L’apport de la théorie des représentations sociales, dans la lignée des travaux d’Abric, permet un éclairage nouveau sur la compréhension de notre rapport au travail, plus particulièrement concernant les problématiques d’insertion professionnelle. Cette théorie a pour objet de repérer les « visions du monde » que les individus ou les groupes portent en eux et utilisent pour agir ou prendre position. On sait par ailleurs que des personnes devant s’exprimer à propos d’un objet sensible ou polémique, ne disent pas tout. C’est ce que Flament, Guimelli et Abric ont nommé en 2006 les "phénomènes de masquage".

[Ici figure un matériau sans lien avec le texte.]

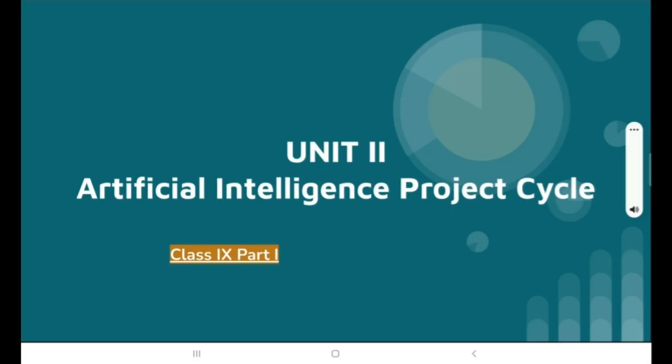Hello and welcome my dear students of Class 9th. In this video we are going to study a fresh new chapter which is Artificial Intelligence Project Cycle. This is Unit 2 of our main book. This video will be Part 1 for this unit. Subsequently you will get more videos on the same chapter.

Partant de là , toute la difficulté de ce type d’étude sera d’arriver à contourner ces phénomènes naturels pour atteindre les valeurs profondes du système de représentation des sujets. Plusieurs méthodologies ont été utilisées pour atteindre cet objectif : entretiens exploratoires, questionnaire d’évocation et de caractérisation... Nous verrons que nos principaux résultats montrent à quel point une « norme d’épanouissement », déjà observée dans les travaux de Lalive D’Epinay, est présente dans notre société et impacte directement la signification du travail chez les jeunes.